Rawal Lake in Islamabad

Islamabad is located at at the edge of the Pothohar Plateau at the foot of the Margalla Hills in Islamabad Capital Territory. Its elevation is 507 m, the highest being 1,584 m (5,196 ft). The modern capital and the ancient Gakhar city of Rawalpindi stand side by side and are commonly referred to as twin cities.

== Neighboring areas ==
To the east of the city lie Murree and Kotli Sattian. To the north lies the Haripur District of Khyber Pakhtunkhwa.
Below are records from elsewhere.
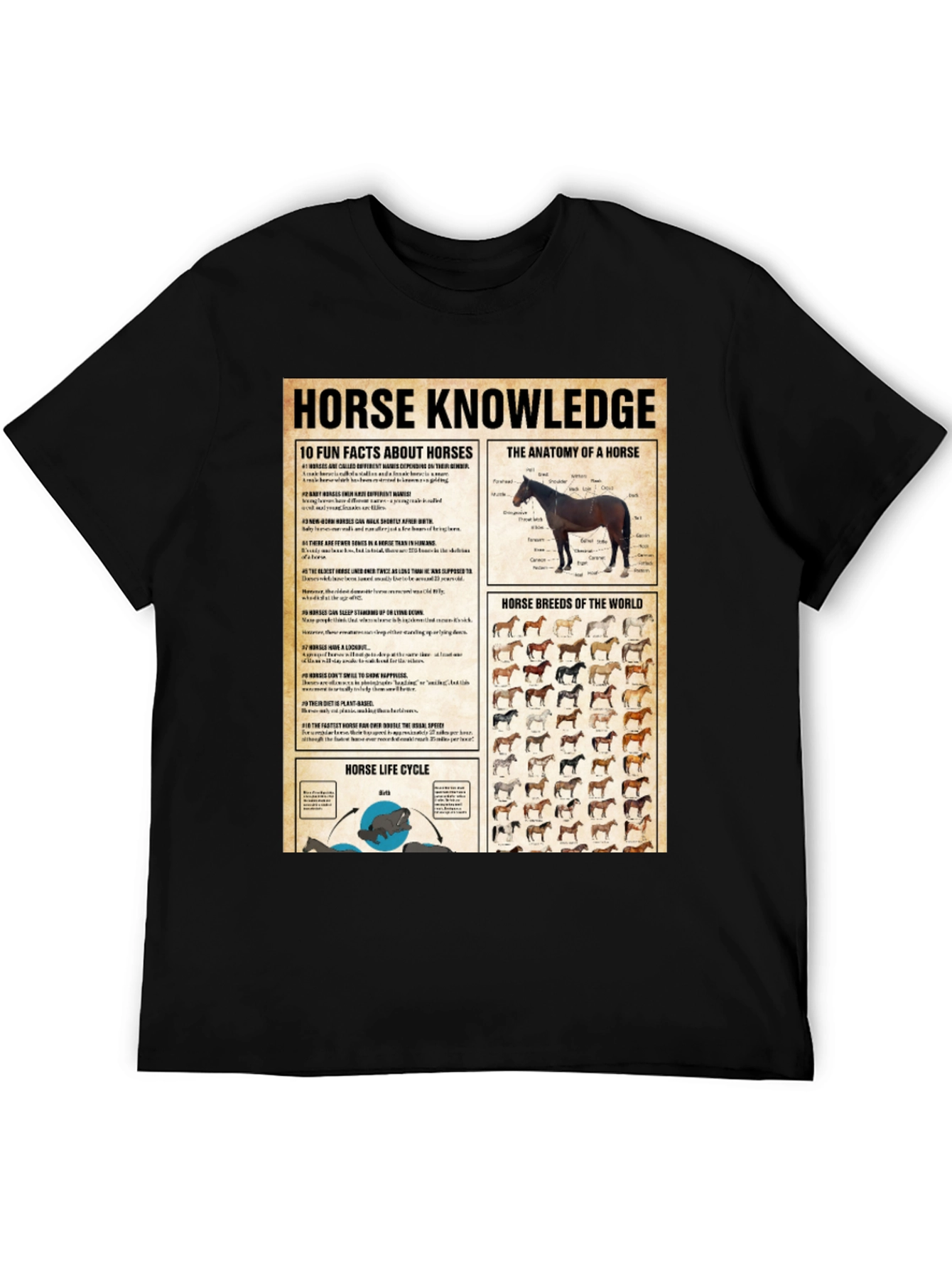 Horse Knowledge Black T-Shirt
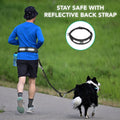 PetAmi Hands Free Dog Leash with Padded Lumbar Waist Belt, Shock Absorbing Bungee, Quick Release Buckle, Dual Handle, Running Jogging Walking Leash for Medium Large Dogs Up to 125 lbs, Grey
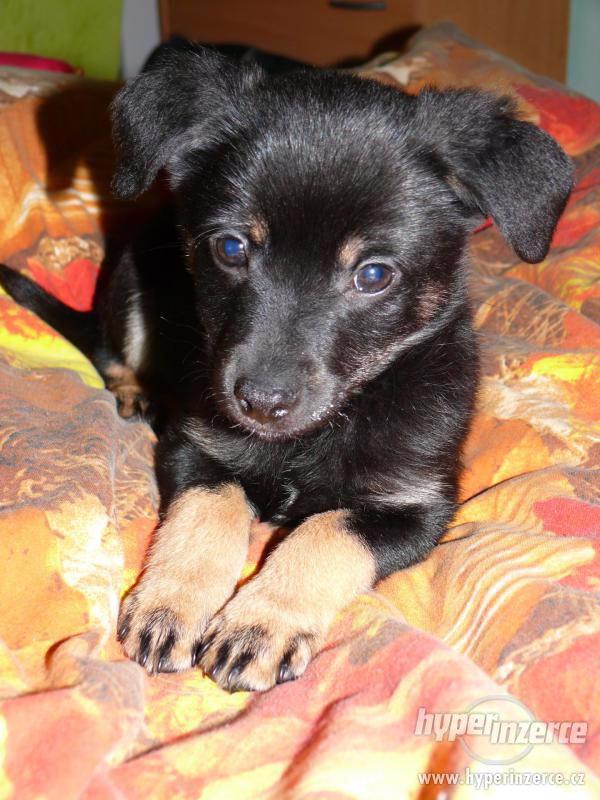 Krásní psí kluci od zachráněné fenky Mišky k adopci - foto 7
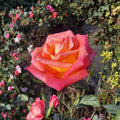 Mikado Rose – Rosa Hybrid Tea Live Plant | 1 Gallon | Scarlet Red & Yellow Blooms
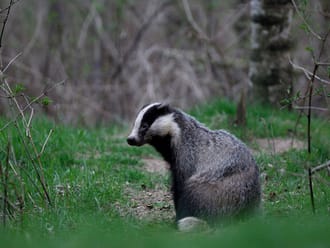 Dassen Hendrik Pad, Egheria bij De Lutte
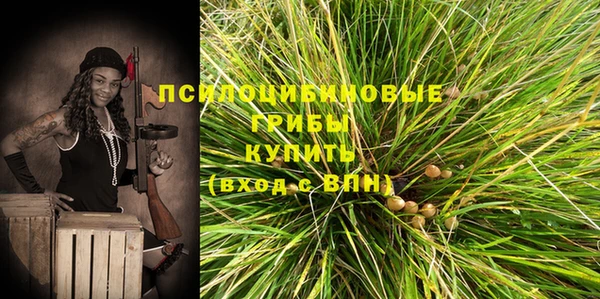 твердый Алексеевка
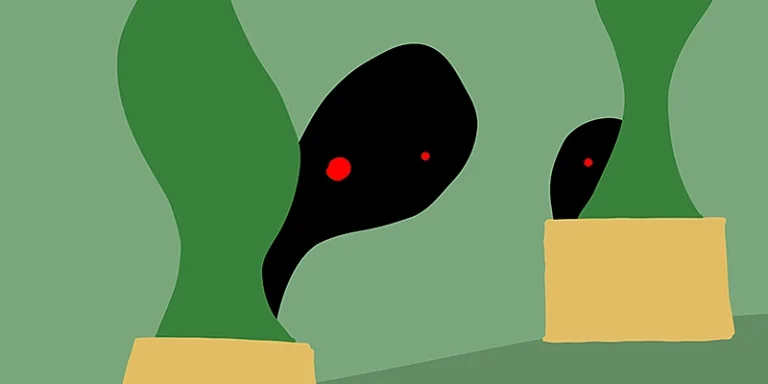 immagine per GGT Sempreverde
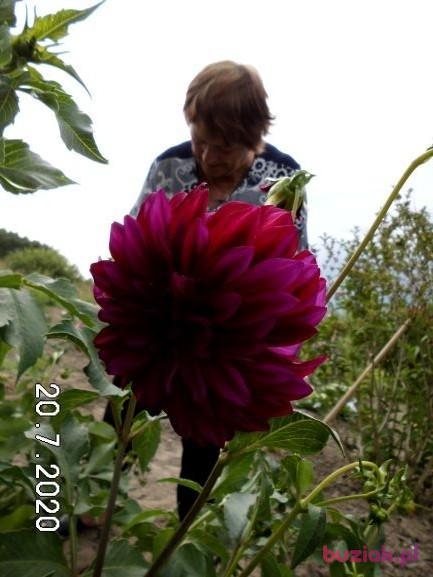 Zofia, Female, 75, Człuchów, Polska, Photo: 5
Kahuta lies to the northeast, Taxila, Wah Cantt, and Attock District to the northwest, Gujar Khan, Kallar Syedan, Rawat, and Mandrah on the northeast, and Rawalpindi to the southwest.

Islamabad is located 120 km SSW of Muzaffarabad, 185 km east of Peshawar, 295 km NNE of Lahore, and 300 km WSW of Srinagar, the capital of Indian Kashmir.

== Geographical features ==
Tilla Charouni, with an elevation of 1604 m, is the highest point in Islamabad district.

The area of Islamabad is 906 km2. A further 2717 km2 area is known as the Specified Area, with the Margalla Hills in the north and northeast. The southern portion of the city is an undulating plain. It is drained by the Korang River, on which the Rawal Dam is located.

== Reservoirs ==
Islamabad's micro-climate is regulated by three artificial reservoirs: Rawal, Simly, and Khanpur dams. Khanpur Dam is located on the Haro River near the town of Khanpur, about 40 km from Islamabad. Simli Dam is located 30 km north of Islamabad.

== Forests ==
220 acre of the city consists of Margalla Hills National Park. The Lohi Bher forest, now converted into a wildlife park, is situated along the Islamabad Highway, covering an area of 1087 acre.